First up, go see Cave of Forgotten Dreams right now at the Regina Public Library Film Theatre. I saw it out of town back in August and it was one of my favourite documentaries of the past while.

Of course, over at the RPL, you won’t get to see it in 3D, the way it was filmed and was intended to be shown. Consequently, you can’t become one of those people who, whenever someone is going on about how artistically bankrupt 3D is, will respond with “Well, director Werner Herzog used it to great effect in his documentary Cave of Forgotten Dreams,” and then the other person’s monocle just drops into their champagne glass ’cause they’ve been owned.

The use of 3D in the movie was interesting, but not essential. Herzog, famed eccentric and director, filmed inside of a French cave that might very well contain the oldest art that still exists, a series of cave paintings that had been sealed away for thousands of years. After jumping through some understandable hoops, he and his minimal crew were able to go in and film the paintings.

Herzog also talks to experts on the caves and the people who may have made the paintings. One of the experts used to be in the circus before getting into archaeology, making him the perfect Herzog interview subject.

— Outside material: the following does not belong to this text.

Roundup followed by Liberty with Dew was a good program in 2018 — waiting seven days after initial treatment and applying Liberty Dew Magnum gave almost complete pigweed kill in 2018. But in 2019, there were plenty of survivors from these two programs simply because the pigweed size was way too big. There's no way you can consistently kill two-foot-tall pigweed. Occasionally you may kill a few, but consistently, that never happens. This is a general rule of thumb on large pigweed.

The reason why 3D is supposed to be important is that the paintings weren’t designed as two-dimensional things. They work with the shape of the cave walls, occasionally suggesting movement depending on how you’re looking at them. That said, the greatest 3D moment in the movie is clearly when one of Herzog’s experts thrusts a spear at the camera, as one of our long-ago ancestors might have done.

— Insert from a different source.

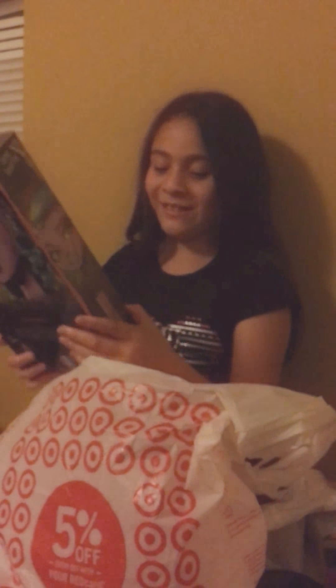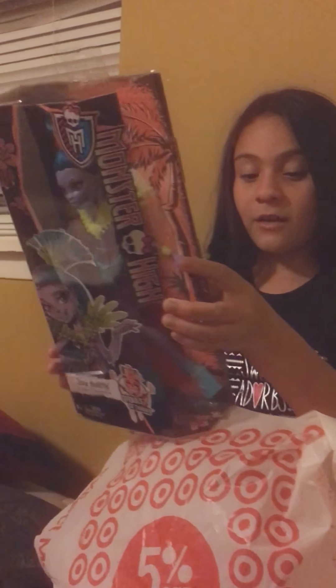Hi guys, it's Sparkle Dastic Girl and today I'm going to be opening dolls and Shopkins from Target. I got this Monster High doll - she's from Ghoul's Getaway, she's the daughter of Boolittle, and her name is Jane Boolittle. She looks so cute!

Just in case you can’t make it out this weekend or you just wanna know what you’re in for when you go see Cave of Forgotten Dreams, I would now like to spoil the craziest part: the epilogue. Read on after the jump for that.

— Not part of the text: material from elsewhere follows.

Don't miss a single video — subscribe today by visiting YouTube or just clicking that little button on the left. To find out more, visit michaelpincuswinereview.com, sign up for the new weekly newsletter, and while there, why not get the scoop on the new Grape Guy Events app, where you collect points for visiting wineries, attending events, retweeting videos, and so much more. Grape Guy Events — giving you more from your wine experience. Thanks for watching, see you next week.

Herzog has plenty of crazy to spare. I felt a Herzog impression bubbling up from me while I was watching this, since I knew I had to deliver lines like — and I’m paraphrasing here — “Do you think that this was the birth of the human soul?” with the same measured voice, German accent, and complete lack of irony if I wanted to capture the full effect.

The epilogue goes all-out, though.

Cut to a shot of nuclear reactor which Herzog, as narrator, explains is quite close to the caves. Cut then to a habitat for albino alligators, who have been affected the warm waters that run off from the reactor.

From there, Herzog gets back to some hardcore, metaphysical musing. He says something along the lines of “One day, humanity might be gone and this land might belong to the albino alligators. I wonder if they will one day find their way into the caves, if they will look at the drawings and recognize us and recognize themselves.”

All this to say, Herzog’s mind is a fucked-up puzzle. I don’t know where any of this came from, but I was held in rapt attention the whole time.